:: ENTRIES SHOWN ::

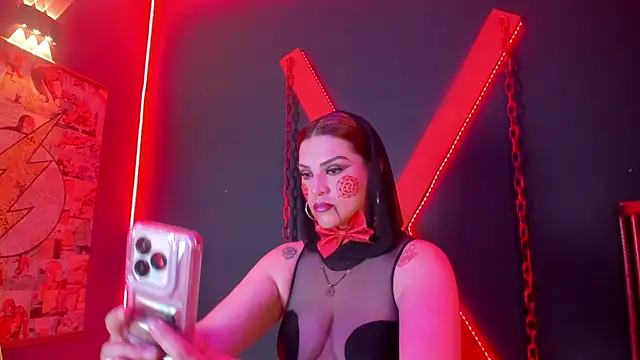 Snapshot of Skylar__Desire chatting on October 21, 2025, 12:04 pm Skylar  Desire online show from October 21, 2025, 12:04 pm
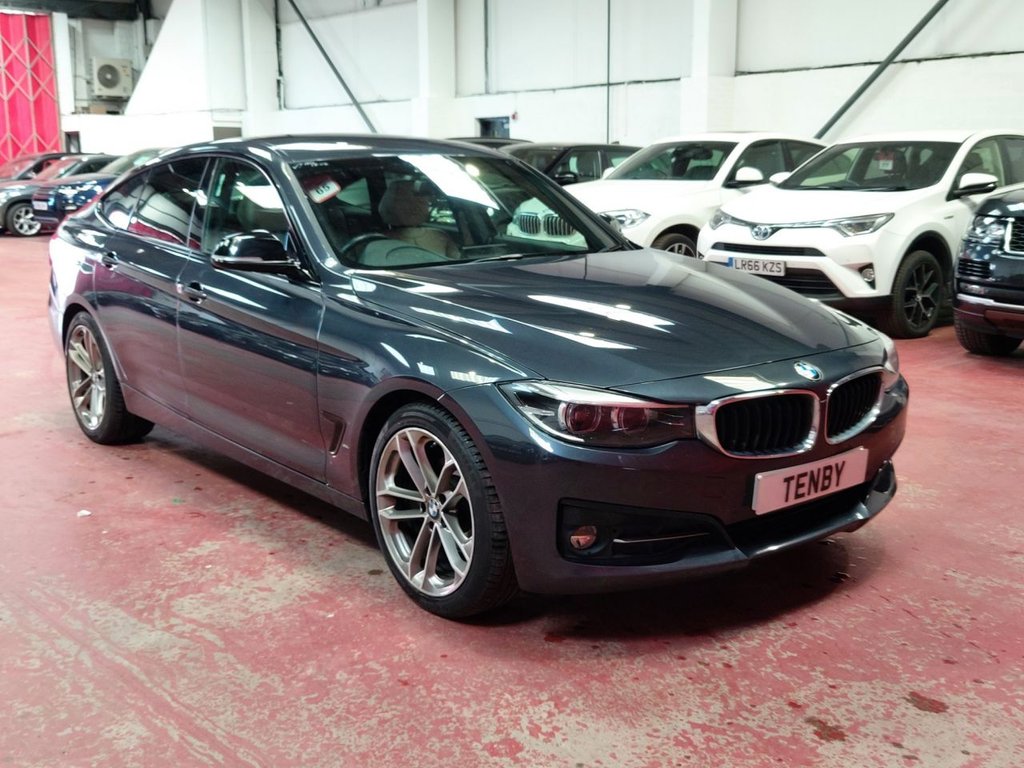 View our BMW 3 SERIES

:::
:: ENTRIES SHOWN ::

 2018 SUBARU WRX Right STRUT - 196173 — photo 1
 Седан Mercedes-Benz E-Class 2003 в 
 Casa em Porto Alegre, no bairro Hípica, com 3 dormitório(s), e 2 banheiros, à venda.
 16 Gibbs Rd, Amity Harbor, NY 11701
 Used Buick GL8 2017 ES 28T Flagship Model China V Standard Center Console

:::

-- WORK TO BE COMPLETED --
Up in the listing, locate the line with "Snapshot of Skylar__Desire"; print it and every line after it down to the line with "View our BMW 3 SERIES", which is included too. Skip the pictures.

-- TASK RESPONSE --
 Snapshot of Skylar__Desire chatting on October 21, 2025, 12:04 pm Skylar  Desire online show from October 21, 2025, 12:04 pm
 View our BMW 3 SERIES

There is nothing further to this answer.